Universal hashing
To calculate the probability of collisions with S strings of length L with W bits per character up to a hash of length H bits, assuming the optimal universal hash ( 1 ), you can calculate the probability of a collision based on a hash table of size (number of buckets) of 'N`.
First, we can assume an ideal implementation of the hash table ( 2 ), which perfectly breaks the H bits in the hash into the available N ( 3 ) buckets. This means that H becomes meaningless, with the exception of the limit for N W and 'L' are just the basis for the upper bound for S For simpler mathematics, suppose that the string lengths < L simply padded to L with a special null character. If we were interested, we are interested in the worst case: it is 54 ^ L (26 * 2 + '_' + null), it’s just a ridiculous number, the actual number of entries is more useful than the character set and length, so we’ll just work like this as if S was a variable in its own right.
It remains to try to put S elements in N buckets. This is becoming a very famous issue, a paradoxical birthday
The solution to this for various probabilities and the number of buckets is instructive , but provided that we have 1 billion buckets (approximately 4 GB of memory in a 32 bit system), then we need only 37 thousand records before we reach a 50% probability of them in at least one collision. Given that trying to avoid any collisions in the hash table becomes clearly absurd.
All this does not mean that we should not care about the behavior of our hash functions. Obviously, these numbers imply ideal implementations; they are an upper bound on how good we can get. A bad hash function can lead to much stronger collisions in some areas, discarding part of the possible “space”, never or rarely using it, all of which can cause hashes to be less optimal and even degrade to performance that looks like a list but with much worse persistent factors.
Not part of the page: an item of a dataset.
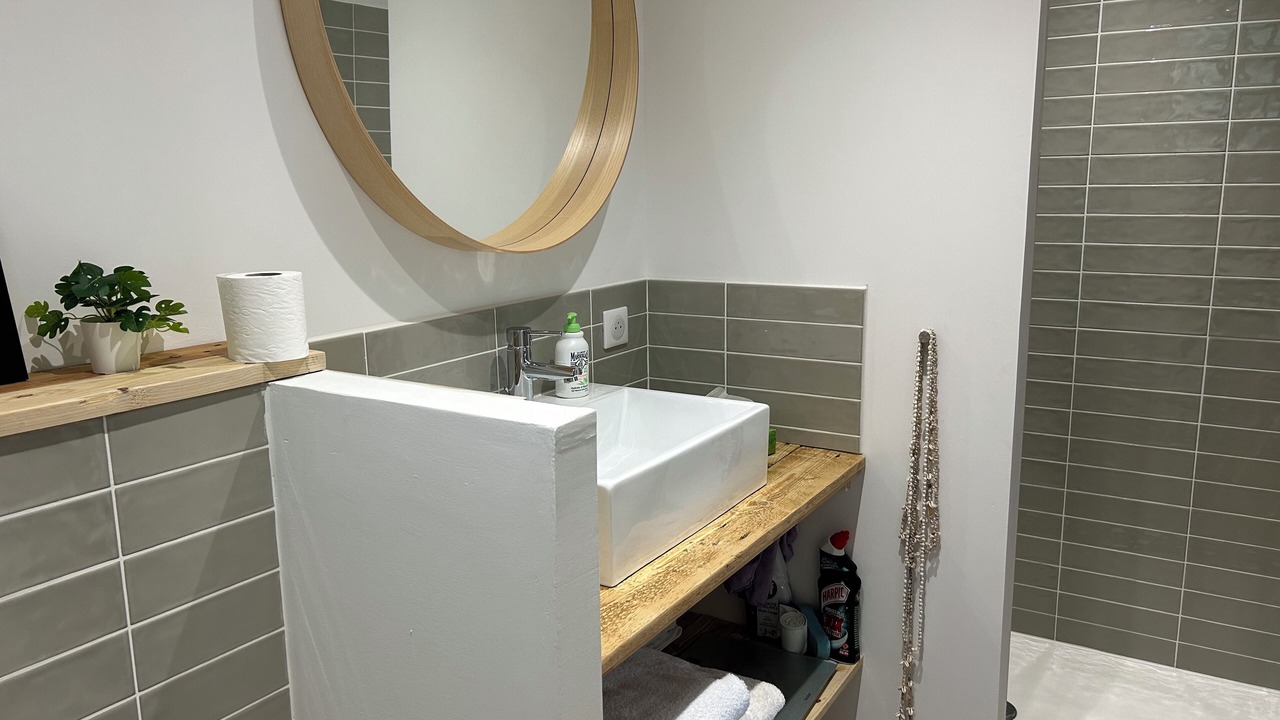 Photo of Bathroom in Saint-Restitut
Implementing a .NET hash function of a hash function is small (in the sense that it could be better), but is probably acceptable to the vast majority of users and reasonably efficient to calculate.
Alternative Approach: Perfect Hashing
If you want you to be able to generate so-called perfect hashes , this requires a thorough knowledge of the input values in advance, but this is not so often useful. In simliar veins to the above math, we can show that even perfect hashing has its limits:
Recall the limit of lines 54 ^ L length L However, we only have bits H (suppose 32), which is about 4 billion different numbers. Therefore, if you can have truly any string and any number of them, then you need to satisfy:
54 ^ L <= 2 ^ 32
And having decided this:
log2 (54 ^ L) <= 32 L * log2 54 <= 32 L <= 32 / log2 54 <= 5.56
Since the length of the lines clearly cannot be fractional, you are left with a maximum length of only 5. Very short.
If you know that you only have a set of strings less than 4 billion in size, then perfect hashing will allow you to process any L value, but limiting the set of values can be very difficult in practice, and you must know them all in advance or degrade to the point that compiles the database string → hash and add to it when new lines are encountered.
For this exercise, a universal hash is optimal, since we want to reduce the likelihood of any collision, i.e. for any input, the probability that it has output x from the set of possibilities R is 1 / R.
Note that doing optimal hashing (and internal bucketing) work is pretty tricky, but you should expect inline types to be reasonable, if not always ideal.
In this example, I avoided the question of closed and open addressing. This has something to do with probabilities, but not significantly.